RECORDED INFORMATION START

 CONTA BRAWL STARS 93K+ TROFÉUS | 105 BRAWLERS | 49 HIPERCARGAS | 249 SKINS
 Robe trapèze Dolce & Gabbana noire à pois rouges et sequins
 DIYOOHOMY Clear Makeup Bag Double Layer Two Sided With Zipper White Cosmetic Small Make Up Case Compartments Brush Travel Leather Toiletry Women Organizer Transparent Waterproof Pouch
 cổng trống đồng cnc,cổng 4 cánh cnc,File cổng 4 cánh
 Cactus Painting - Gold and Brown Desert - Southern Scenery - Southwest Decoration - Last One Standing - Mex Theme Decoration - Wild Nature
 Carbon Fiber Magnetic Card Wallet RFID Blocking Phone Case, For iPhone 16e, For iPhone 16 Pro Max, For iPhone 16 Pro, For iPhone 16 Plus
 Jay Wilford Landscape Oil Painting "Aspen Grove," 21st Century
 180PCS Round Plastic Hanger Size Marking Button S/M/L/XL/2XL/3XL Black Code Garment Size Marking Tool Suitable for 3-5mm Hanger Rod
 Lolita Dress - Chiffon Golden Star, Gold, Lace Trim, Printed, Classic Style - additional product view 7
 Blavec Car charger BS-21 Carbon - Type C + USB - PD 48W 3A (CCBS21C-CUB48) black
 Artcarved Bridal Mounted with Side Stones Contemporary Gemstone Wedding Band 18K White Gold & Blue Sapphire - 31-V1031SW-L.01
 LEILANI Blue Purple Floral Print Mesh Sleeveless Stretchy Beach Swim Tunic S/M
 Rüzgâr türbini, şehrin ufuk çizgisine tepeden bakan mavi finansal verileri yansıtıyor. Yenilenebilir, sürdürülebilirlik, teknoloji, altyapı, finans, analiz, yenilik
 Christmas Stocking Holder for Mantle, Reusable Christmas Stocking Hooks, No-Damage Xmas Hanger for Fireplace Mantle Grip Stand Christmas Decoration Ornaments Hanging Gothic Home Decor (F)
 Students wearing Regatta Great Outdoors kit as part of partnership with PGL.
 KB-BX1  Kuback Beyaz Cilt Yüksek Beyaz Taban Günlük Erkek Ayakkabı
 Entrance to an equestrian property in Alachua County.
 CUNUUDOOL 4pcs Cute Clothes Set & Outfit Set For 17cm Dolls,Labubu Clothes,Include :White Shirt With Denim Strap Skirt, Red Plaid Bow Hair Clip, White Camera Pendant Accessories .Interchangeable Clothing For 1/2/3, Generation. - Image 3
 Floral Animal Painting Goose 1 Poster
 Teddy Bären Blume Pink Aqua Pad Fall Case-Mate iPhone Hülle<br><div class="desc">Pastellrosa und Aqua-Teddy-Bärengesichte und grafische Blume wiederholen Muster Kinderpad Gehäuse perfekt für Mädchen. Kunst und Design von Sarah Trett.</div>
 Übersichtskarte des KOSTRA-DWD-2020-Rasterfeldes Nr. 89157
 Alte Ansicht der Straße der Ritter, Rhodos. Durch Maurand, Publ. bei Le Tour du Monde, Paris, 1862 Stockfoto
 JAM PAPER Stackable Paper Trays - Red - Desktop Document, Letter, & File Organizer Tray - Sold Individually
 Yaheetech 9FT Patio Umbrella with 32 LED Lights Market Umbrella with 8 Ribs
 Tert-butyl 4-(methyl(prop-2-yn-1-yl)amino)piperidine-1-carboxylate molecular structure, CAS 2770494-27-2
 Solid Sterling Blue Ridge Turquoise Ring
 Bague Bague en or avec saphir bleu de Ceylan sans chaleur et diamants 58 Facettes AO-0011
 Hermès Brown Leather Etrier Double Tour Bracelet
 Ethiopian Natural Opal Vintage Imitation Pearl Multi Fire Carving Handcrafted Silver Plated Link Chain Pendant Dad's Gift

RECORDED INFORMATION END

* _WHAT YOU HAVE TO DO_
Reproduce, word for word and in full, only the lines above that start at the line with "Carbon Fiber Magnetic" and run through the line with "Blavec Car charger", both ends included.

* _THE ANSWER_
 Carbon Fiber Magnetic Card Wallet RFID Blocking Phone Case, For iPhone 16e, For iPhone 16 Pro Max, For iPhone 16 Pro, For iPhone 16 Plus
 Jay Wilford Landscape Oil Painting "Aspen Grove," 21st Century
 180PCS Round Plastic Hanger Size Marking Button S/M/L/XL/2XL/3XL Black Code Garment Size Marking Tool Suitable for 3-5mm Hanger Rod
 Lolita Dress - Chiffon Golden Star, Gold, Lace Trim, Printed, Classic Style - additional product view 7
 Blavec Car charger BS-21 Carbon - Type C + USB - PD 48W 3A (CCBS21C-CUB48) black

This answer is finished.